The limitation of spam filters is false positives. For most people it's probably not a big deal to have one or two messages land in the spam filter .. then someone follows up and says "Hey did you get that legit email I tried to send you? I haven't heard back." But for certain business accounts, the amount of spam + false positives can get to unmanageable levels, where important emails are flagged as spam and left undiscovered because sifting through the spam folder regularly is as time consuming and annoying as if the spam just went straight to inbox.
My point is that it's still valuable to try and reduce the overall volume of spam. Spam filters are another angle of attack. Spam is a tough enough problem that it's always worth throwing multiple solutions at it, each good at solving a separate slice of the overall problem.
None, I always use those in tests, because they're owned by the IANA, so unless random domains that have no mx records now, but might in the future, the example org, net and com are safe.
I do this because sometimes in companies, people will put DB dumps in the wrong environment that has an actual SMTP going to WAN, then shit happens. I also make sure the environments have a dummy smtp or mailcatcher, but it's better to be safe than sorry.
Seriously if you are still running email with HTML and scripting enabled you need to turn it off. Plain text is fine for everything use a secure messaging program like signal for anything else.
On the topic of spam..."Spam" to me these days includes email from companies who abuse the soft opt-in, service emails and "existing commercial relationship" rules.
Cart abandonment, tips on how to stay safe online, requests to go paperless, newsletters, claim your free subscription that came with your purchase, thank you for your purchase (separate to the order confirmation), requests to leave a review, continue your application, offering support, "you haven't logged in for a while", new login from $device, thank you for completing step X ... it's endless.

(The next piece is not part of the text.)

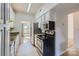 Modern kitchen featuring stainless steel appliances, granite counters, and white cabinetry at 5941 Quail Hollow Rd # F, Charlotte, NC 28210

An endless torrent of excuses to get the their company name in front of your eyeballs.
Except all my logins are from "a new device" because I use Cookie AutoDelete, there's no way to opt out of this spam, and I don't give a shit if anyone DID actually hack my Google account because it's only a way to keep track of my Youtube watch history and subs.
That’s ideal, but it’s a lot harder and involves more invasive tracking to determine normal activity.
You really have 2 options from a UX standpoint. Either allow the login and notify you, which gives you less friction in your experience with the application if it really is you.
Or they can stop you right on the login screen and send you an email with a code or a link to click before you go further. It’s more secure, but it adds friction on the more common case that it really is you.
The big spam to me at work is now people using linkedin and other tools to automatically find people's emails, and send them targted automated email that are, plaintext old outreach emails. for some reason this is just not getting caught in my spam filter.
I deleted my LinkedIn account when it started becoming more like Facebook (nothing against FB, Wide likes it) but FB isn't for me.
Also, I removed my public open source projects from GitHub after Microsoft bought them then removed them from GitLab too when the AI warnings about stealing copyrighted code started to sound more real.
Gitlab does that stuff. Almost everytimr I log in, I get an e-mail about someone logging in from a new device. I am not even using a VPN on that machine. Wonder what their problem is. By now their stuff is marked as spam, when it hits my mailbox.